2度の走塁ミスがあった西村だが、3安打2打点と「明豊の4番」らしさを存分に見せつけてチームを引っ張った。「下の代は間違いなく自分たちより能力が上。日本一になって」とメッセージを残した。 【写真は共同】

 北海に敗れて地元に戻った明豊は、いきなりバント練習から新チームをスタートさせた。同時に、バント時のランナーのスタート練習にも取り組んだ。甲子園での北海戦の1週間後には四国遠征に出発し、高松商や英明といった四国を代表する強豪と練習試合を行っている。もちろん、甲子園で思うように決まらなかったバントも積極的に仕掛け、成功と失敗を繰り返しながら、川崎監督の言う「3年生たちが残してくれた課題」克服に励んでいる。

 この先に待つ秋季戦線、そして2024年春夏の甲子園を見据えながら、川崎監督は表情を引き締め直してチーム作りの展望を語った。
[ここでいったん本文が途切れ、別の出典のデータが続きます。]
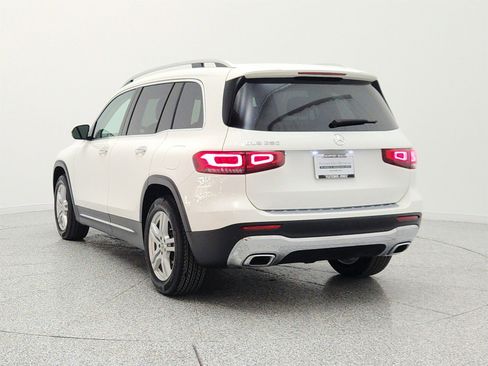 Used 2023 Mercedes-Benz GLB 250 image 7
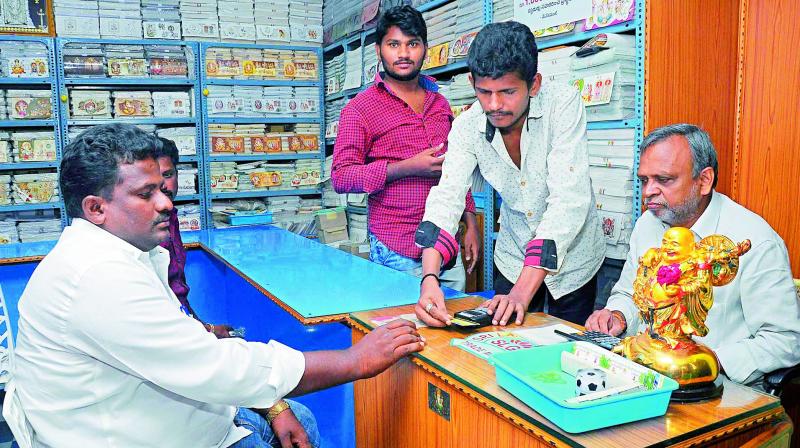 The small and medium scale traders are using e-Pos machines at Guntur due to demonetisation on Friday. (Photo: DC)
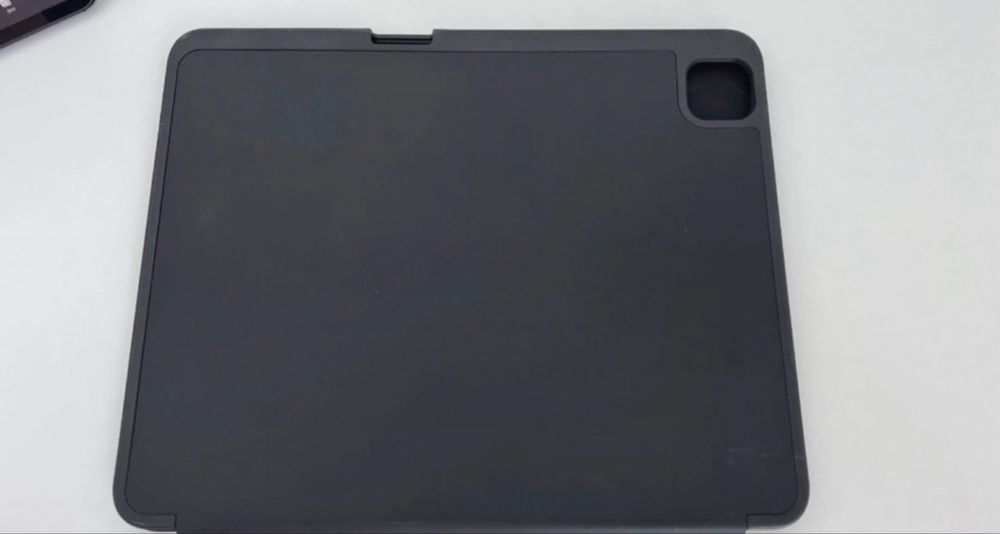 Husa flip tableta Apple iPad 13” de protectie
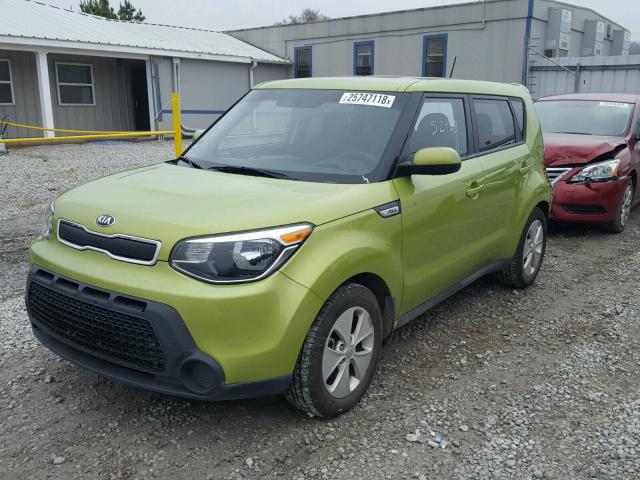 KNDJN2A23F7770744 - 2015 KIA SOUL GREEN photo 2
「今回は守り、走塁、バントのミスで負けるべくして負けました。そして、来年から低反発バットに代わるので、間違いなく今回のような大雑把なミスが許されなくなってくるでしょう。バットスイングが速いとか145キロを投げるピッチャーが何枚いるとか、もちろんそれも大事だとは思いますが、そういった“能力”ではない部分の細かさが、より求められるはずです。そこは新チームのスタートでも話をしましたが、2023年夏の敗戦、そして3年生が残してくれたものを無駄にしたいためにも、今まで以上にしっかりやらないといけません」

 日本一へ向けて、再びゼロからスタートを切った明豊。次の代は打線の破壊力が売り物だが、優先すべきは走攻守の基礎固めだ。原点に立ち返った九州の雄が、まずは4年ぶりの神宮大会出場を目指す。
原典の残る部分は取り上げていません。